(What is required) Please take the lines from the one holding "Telesin 360o Neck Mount Combo Vorschaubild" through the one holding "Stuart Weitzman csizma" in the data below and copy them exactly.

(Input)
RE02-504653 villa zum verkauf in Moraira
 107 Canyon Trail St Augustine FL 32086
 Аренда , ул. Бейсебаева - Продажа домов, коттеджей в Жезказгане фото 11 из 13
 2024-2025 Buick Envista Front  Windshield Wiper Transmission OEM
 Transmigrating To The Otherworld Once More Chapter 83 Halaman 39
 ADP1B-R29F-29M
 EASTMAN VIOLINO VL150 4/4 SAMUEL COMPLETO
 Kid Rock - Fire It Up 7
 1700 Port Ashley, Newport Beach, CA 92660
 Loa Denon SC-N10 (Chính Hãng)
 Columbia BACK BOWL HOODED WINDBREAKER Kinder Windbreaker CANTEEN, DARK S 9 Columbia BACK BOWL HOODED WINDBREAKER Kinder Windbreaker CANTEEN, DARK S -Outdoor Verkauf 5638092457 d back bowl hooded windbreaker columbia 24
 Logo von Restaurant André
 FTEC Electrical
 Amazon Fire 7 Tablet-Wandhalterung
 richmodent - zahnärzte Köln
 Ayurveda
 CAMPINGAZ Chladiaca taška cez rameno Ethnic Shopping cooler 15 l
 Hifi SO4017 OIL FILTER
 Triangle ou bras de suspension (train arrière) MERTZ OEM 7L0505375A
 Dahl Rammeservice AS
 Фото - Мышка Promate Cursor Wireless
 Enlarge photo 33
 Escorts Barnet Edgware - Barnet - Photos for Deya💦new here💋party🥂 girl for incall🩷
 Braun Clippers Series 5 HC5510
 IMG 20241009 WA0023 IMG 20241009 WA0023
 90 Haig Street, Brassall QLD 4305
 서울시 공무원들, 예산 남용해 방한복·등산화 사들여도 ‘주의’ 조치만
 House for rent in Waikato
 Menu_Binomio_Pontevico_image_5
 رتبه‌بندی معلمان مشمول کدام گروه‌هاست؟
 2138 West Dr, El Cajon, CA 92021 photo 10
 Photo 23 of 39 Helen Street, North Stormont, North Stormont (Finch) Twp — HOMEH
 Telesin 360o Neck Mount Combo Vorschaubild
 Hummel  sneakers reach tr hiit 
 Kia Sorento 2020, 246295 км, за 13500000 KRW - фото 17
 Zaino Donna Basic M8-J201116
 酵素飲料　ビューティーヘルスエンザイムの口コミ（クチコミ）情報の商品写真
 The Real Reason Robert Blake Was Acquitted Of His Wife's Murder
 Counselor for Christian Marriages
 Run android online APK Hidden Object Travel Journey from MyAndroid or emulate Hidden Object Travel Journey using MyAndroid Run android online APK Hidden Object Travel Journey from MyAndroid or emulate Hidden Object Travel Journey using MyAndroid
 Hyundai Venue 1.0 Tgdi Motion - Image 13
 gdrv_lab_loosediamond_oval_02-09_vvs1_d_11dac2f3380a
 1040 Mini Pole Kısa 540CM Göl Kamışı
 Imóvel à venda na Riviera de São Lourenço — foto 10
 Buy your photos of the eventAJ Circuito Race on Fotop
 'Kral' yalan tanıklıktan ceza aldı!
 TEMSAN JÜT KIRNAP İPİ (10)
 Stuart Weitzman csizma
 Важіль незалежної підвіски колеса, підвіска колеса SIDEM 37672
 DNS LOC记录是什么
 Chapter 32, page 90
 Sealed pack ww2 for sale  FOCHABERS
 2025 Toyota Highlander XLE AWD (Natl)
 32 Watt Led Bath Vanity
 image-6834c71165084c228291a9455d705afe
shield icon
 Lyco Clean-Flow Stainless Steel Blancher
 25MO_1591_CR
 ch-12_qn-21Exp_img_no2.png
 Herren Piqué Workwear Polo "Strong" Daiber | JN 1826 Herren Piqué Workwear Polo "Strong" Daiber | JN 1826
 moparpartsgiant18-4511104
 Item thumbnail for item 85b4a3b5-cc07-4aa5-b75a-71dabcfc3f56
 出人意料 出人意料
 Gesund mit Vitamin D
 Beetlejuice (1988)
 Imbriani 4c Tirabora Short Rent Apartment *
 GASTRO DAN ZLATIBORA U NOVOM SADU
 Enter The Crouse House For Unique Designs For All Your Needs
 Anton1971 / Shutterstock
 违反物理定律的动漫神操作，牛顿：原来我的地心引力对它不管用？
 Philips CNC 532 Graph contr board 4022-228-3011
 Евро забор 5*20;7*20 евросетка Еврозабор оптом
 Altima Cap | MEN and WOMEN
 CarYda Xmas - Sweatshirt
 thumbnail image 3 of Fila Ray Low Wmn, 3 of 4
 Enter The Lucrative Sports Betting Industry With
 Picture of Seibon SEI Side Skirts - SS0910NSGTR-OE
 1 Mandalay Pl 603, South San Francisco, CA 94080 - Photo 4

(Answer space)
 Telesin 360o Neck Mount Combo Vorschaubild
 Hummel  sneakers reach tr hiit 
 Kia Sorento 2020, 246295 км, за 13500000 KRW - фото 17
 Zaino Donna Basic M8-J201116
 酵素飲料　ビューティーヘルスエンザイムの口コミ（クチコミ）情報の商品写真
 The Real Reason Robert Blake Was Acquitted Of His Wife's Murder
 Counselor for Christian Marriages
 Run android online APK Hidden Object Travel Journey from MyAndroid or emulate Hidden Object Travel Journey using MyAndroid Run android online APK Hidden Object Travel Journey from MyAndroid or emulate Hidden Object Travel Journey using MyAndroid
 Hyundai Venue 1.0 Tgdi Motion - Image 13
 gdrv_lab_loosediamond_oval_02-09_vvs1_d_11dac2f3380a
 1040 Mini Pole Kısa 540CM Göl Kamışı
 Imóvel à venda na Riviera de São Lourenço — foto 10
 Buy your photos of the eventAJ Circuito Race on Fotop
 'Kral' yalan tanıklıktan ceza aldı!
 TEMSAN JÜT KIRNAP İPİ (10)
 Stuart Weitzman csizma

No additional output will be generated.